DATA SHOWN Block Start

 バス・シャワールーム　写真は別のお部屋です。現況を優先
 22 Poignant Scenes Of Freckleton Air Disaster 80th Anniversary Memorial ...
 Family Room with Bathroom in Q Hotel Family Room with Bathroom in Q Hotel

DATA SHOWN Block End
DATA SHOWN Block Start

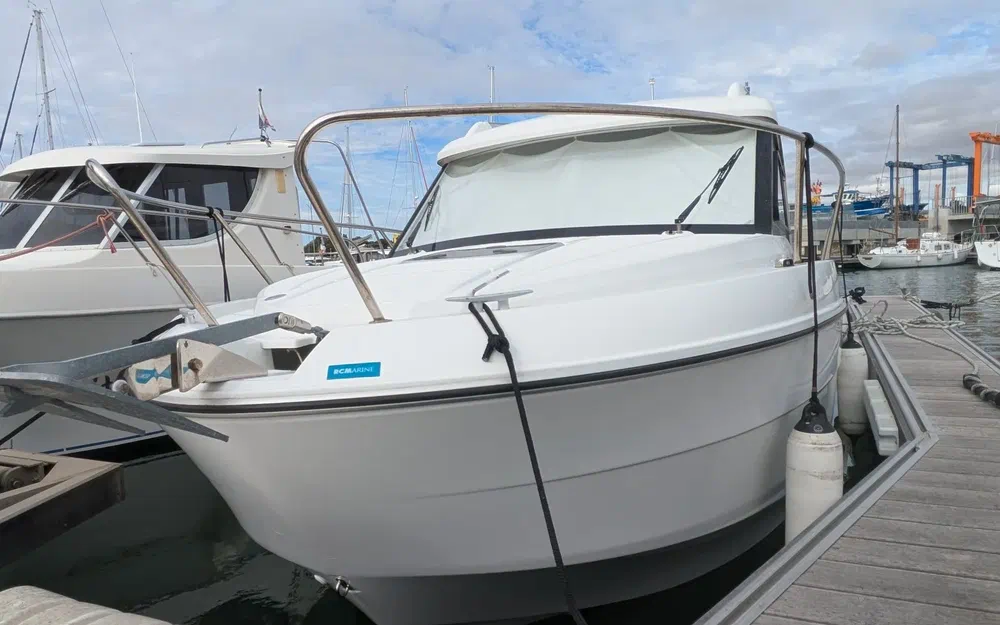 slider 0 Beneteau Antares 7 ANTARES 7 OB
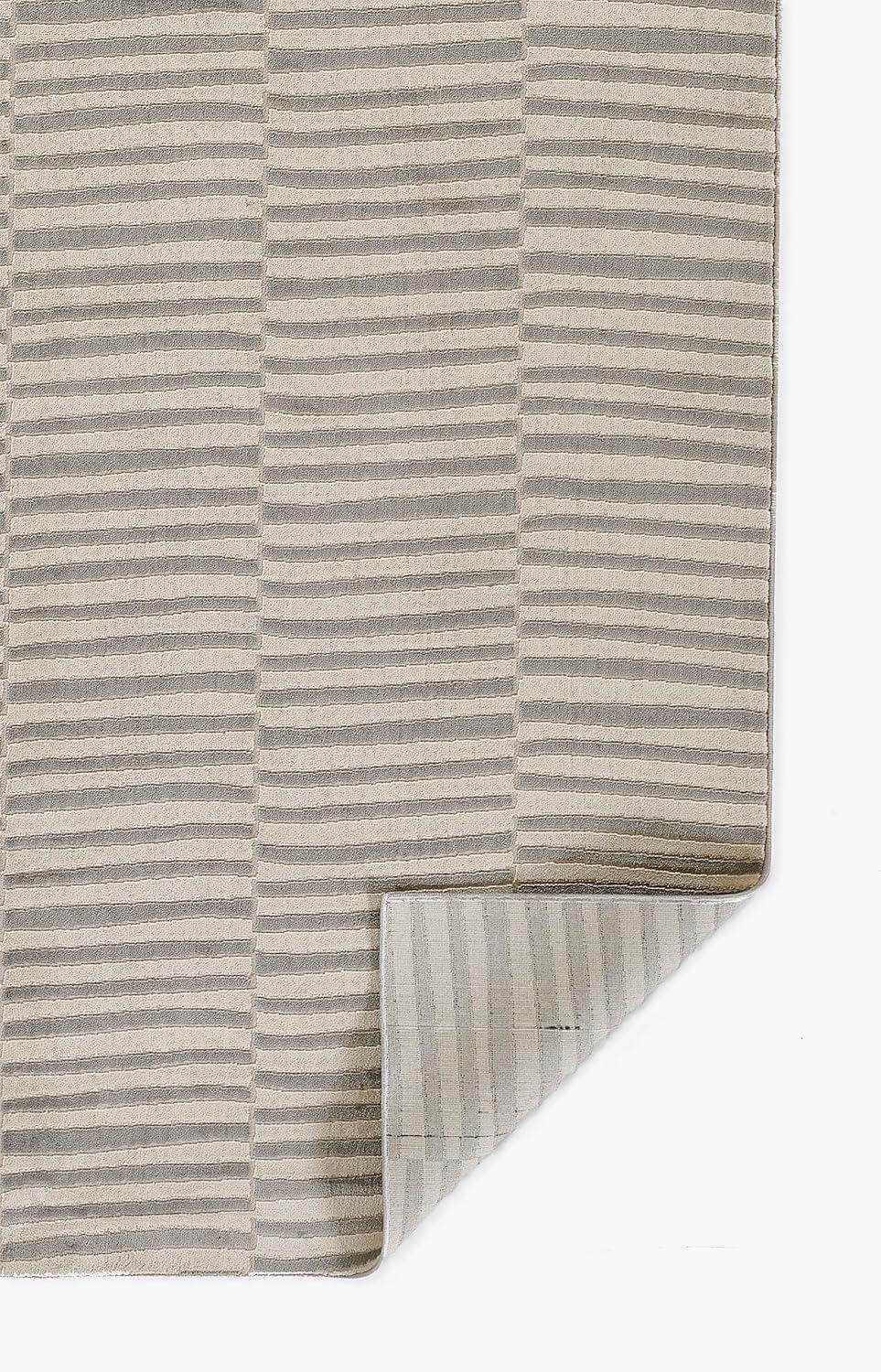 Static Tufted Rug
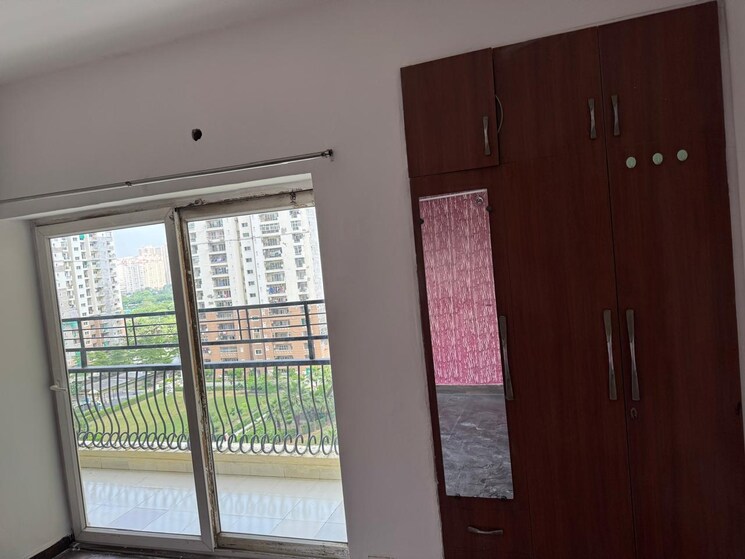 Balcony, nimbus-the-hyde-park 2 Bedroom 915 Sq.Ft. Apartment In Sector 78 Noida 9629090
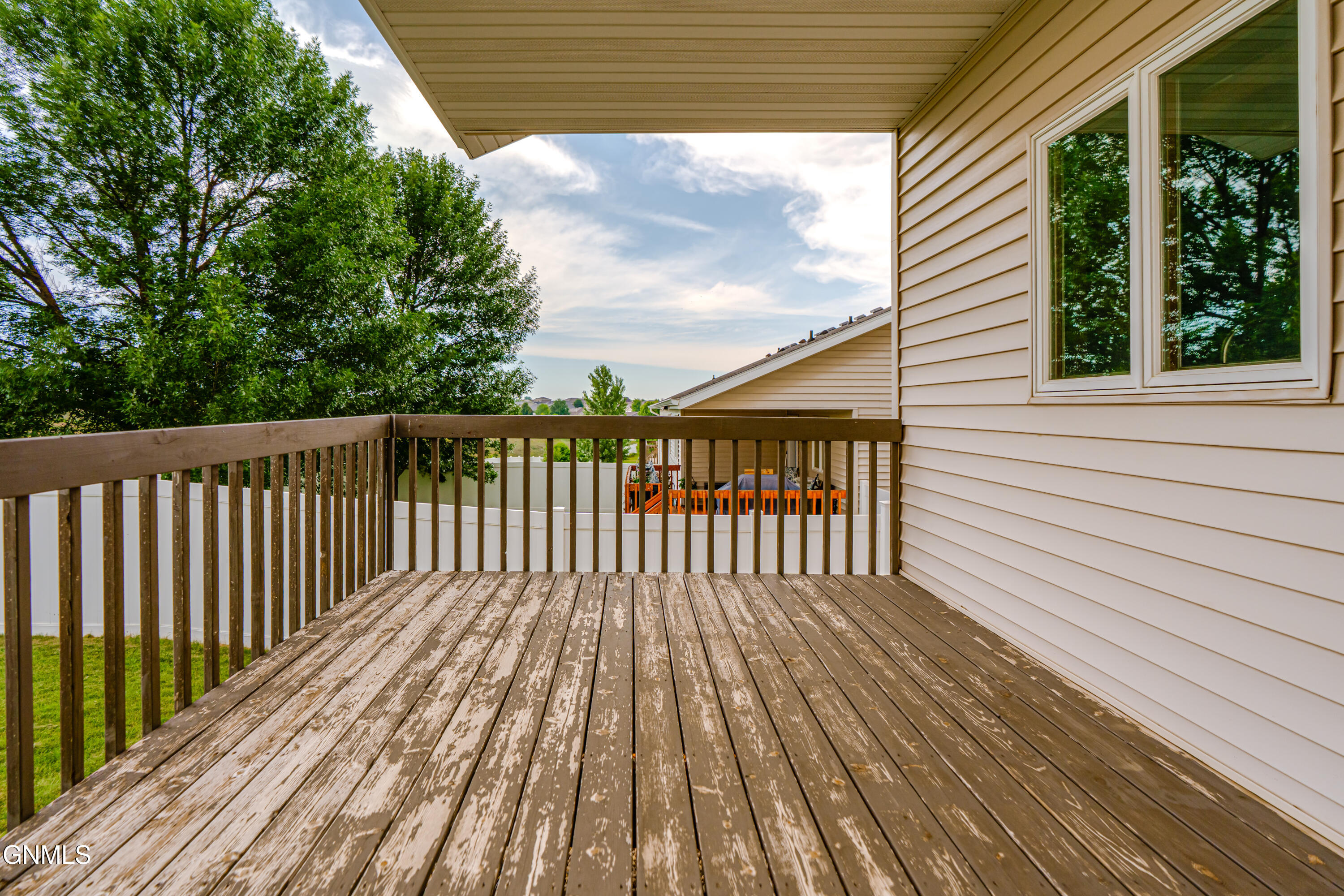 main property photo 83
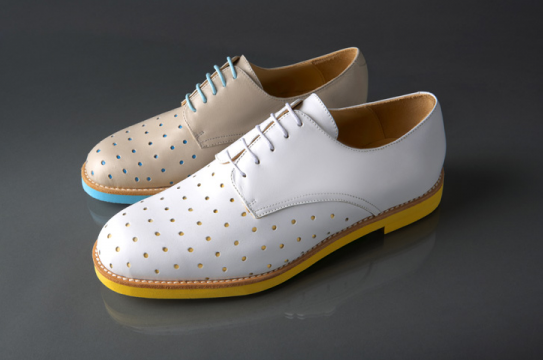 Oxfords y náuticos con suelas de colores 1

DATA SHOWN Block End

TASK REQUIREMENTS ▸ Out of the records above, return only the lines from the one with "Balcony, nimbus-the-hyde-park 2" through the one with "Oxfords y náuticos con suelas de colores 1", exactly, and none of the pictures.

TASK OUTPUT ▸
 Balcony, nimbus-the-hyde-park 2 Bedroom 915 Sq.Ft. Apartment In Sector 78 Noida 9629090
 main property photo 83
 Oxfords y náuticos con suelas de colores 1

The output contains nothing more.